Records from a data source
────────────────────────────────────────
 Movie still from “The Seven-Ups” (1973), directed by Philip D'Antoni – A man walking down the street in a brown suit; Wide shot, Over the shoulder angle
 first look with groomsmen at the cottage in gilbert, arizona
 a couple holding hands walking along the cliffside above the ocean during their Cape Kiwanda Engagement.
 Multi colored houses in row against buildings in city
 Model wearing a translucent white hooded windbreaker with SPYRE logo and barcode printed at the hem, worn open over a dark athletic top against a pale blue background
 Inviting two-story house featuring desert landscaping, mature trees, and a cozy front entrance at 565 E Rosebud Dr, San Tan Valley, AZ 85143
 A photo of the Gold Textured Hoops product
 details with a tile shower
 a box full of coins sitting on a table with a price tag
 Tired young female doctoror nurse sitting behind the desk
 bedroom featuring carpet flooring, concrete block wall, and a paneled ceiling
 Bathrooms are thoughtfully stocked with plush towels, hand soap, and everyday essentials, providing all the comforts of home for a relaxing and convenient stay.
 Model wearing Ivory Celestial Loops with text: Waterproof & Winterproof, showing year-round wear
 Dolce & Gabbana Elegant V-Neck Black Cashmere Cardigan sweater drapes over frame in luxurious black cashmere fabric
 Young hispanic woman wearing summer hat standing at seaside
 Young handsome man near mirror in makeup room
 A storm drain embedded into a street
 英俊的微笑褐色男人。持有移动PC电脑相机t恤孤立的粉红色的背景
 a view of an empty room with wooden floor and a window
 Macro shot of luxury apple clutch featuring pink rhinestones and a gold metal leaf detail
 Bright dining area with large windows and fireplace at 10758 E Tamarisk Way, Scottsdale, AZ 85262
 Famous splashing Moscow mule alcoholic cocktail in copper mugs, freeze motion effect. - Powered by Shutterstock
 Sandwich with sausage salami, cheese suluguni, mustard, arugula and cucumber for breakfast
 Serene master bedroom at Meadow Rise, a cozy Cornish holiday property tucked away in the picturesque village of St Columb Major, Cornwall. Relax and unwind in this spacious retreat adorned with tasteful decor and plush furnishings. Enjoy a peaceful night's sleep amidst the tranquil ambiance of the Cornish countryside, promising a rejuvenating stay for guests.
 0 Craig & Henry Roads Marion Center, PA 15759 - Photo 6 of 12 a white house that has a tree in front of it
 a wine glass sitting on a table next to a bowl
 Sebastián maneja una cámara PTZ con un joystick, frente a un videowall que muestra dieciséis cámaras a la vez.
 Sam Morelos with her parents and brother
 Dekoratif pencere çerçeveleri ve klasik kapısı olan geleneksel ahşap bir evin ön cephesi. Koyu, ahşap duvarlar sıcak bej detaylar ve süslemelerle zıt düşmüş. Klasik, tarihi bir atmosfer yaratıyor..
────────────────────────────────────────
#### TO DO:
Print exactly the lines above, between the one holding "英俊的微笑褐色男人。持有移动PC电脑相机t恤孤立的粉红色的背景" and the one holding "Sandwich with sausage", inclusive, and nothing besides.

#### REPLY TO THE EXERCISE:
 英俊的微笑褐色男人。持有移动PC电脑相机t恤孤立的粉红色的背景
 a view of an empty room with wooden floor and a window
 Macro shot of luxury apple clutch featuring pink rhinestones and a gold metal leaf detail
 Bright dining area with large windows and fireplace at 10758 E Tamarisk Way, Scottsdale, AZ 85262
 Famous splashing Moscow mule alcoholic cocktail in copper mugs, freeze motion effect. - Powered by Shutterstock
 Sandwich with sausage salami, cheese suluguni, mustard, arugula and cucumber for breakfast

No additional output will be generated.